RPL: Learning Robust Humanoid Perceptive Locomotion on Challenging Terrains

Humanoid perceptive locomotion has made significant progress and shows great promise, yet achieving robust multi-directional locomotion on complex terrains remains underexplored. To tackle this challenge, we propose RPL, a two-stage training framework that enables multi-directional locomotion on challenging terrains, and remains robust with payloads. RPL first trains terrain-specific expert policies with privileged height map observations to master decoupled locomotion and manipulation skills across different terrains, and then distills them into a transformer policy that leverages multiple depth cameras to cover a wide range of views. During distillation, we introduce two techniques to robustify multi-directional locomotion, depth feature scaling based on velocity commands and random side masking, which are critical for asymmetric depth observations and unseen widths of terrains. For scalable depth distillation, we develop an efficient multi-depth system that ray-casts against both dynamic robot meshes and static terrain meshes in massively parallel environments, achieving a 5-times speedup over the depth rendering pipelines in existing simulators while modeling realistic sensor latency, noise, and dropout. Extensive real-world experiments demonstrate robust multi-directional locomotion with payloads (2kg) across challenging terrains, including 20° slopes, staircases with different step lengths (22 cm, 25 cm, 30 cm), and 25 cm by 25 cm stepping stones separated by 60 cm gaps.

💡 Research Summary

RPL (Robust Perceptive Locomotion) introduces a two‑stage learning pipeline that enables a humanoid robot to traverse complex, uneven terrains in both forward and backward directions while carrying a payload. In the first stage, terrain‑specific expert policies are trained using privileged height‑map observations. These experts learn decoupled locomotion and manipulation skills under a force‑curriculum that applies vertical forces to the end‑effector, thereby preparing the robot for payload disturbances. The experts are trained with PPO, asymmetric actor‑critic, and symmetry data augmentation, and receive specialized rewards such as foot‑edge penalty, dense foothold penalty, and torso‑orientation tracking to ensure precise foot placement and stable upper‑body posture.

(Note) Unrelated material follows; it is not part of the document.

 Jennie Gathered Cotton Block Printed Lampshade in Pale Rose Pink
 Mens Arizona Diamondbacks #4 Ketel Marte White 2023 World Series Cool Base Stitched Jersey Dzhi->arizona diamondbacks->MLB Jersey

The second stage distills the collection of expert policies into a single visual policy that consumes multi‑view depth images from front and rear cameras. Distillation follows a DAgger‑style regression loss, where the student policy receives noisy proprioceptive data and depth observations, while the teachers operate on clean proprioception and height maps. Two novel augmentation techniques are introduced to handle the asymmetric and variable nature of multi‑camera inputs: (1) Depth Feature Scaling based on Velocity commands (DFSV) dynamically rescales depth features according to the commanded linear and angular velocities, mitigating distribution shift when the robot changes direction; (2) Random Side Masking (RSM) randomly occludes lateral portions of the depth images with varying widths during training, improving robustness to unseen terrain widths.

A key engineering contribution is an efficient GPU‑based multi‑depth rendering system built on NVIDIA Warp. The system performs massive parallel ray‑casting against both dynamic robot meshes and a shared static terrain mesh. By keeping robot body meshes in their local frames and transforming rays into those frames, the method avoids costly per‑frame mesh refitting. All ray‑mesh queries are fused into a single kernel and executed across environments, cameras, and pixels, achieving a five‑fold speedup over conventional simulators. The renderer also injects realistic sensor latency, Gaussian noise, and dropout to narrow the sim‑to‑real gap.

Real‑world experiments were conducted on a Unitree G1 humanoid equipped with a 2 kg payload. The robot successfully performed long‑horizon bidirectional locomotion on 20° slopes, staircases with step lengths of 22 cm, 25 cm, and 30 cm, and on a field of 25 cm × 25 cm stepping stones separated by 60 cm gaps. Importantly, the policy generalized to terrain widths and step dimensions not seen during training, demonstrating the effectiveness of DFSV and RSM.

In summary, RPL’s contributions are: (1) a two‑stage framework that leverages high‑fidelity height‑map experts to generate robust visual policies; (2) depth feature scaling and random side masking to handle asymmetric multi‑view perception and unseen terrain geometries; (3) a fast, parallel multi‑depth simulation pipeline that models dynamic self‑occlusions and realistic sensor artifacts; and (4) extensive real‑world validation showing stable, payload‑carrying locomotion across diverse, challenging terrains. This work advances the practical deployment of humanoid robots in unstructured environments by tightly integrating perception, control, and simulation efficiency.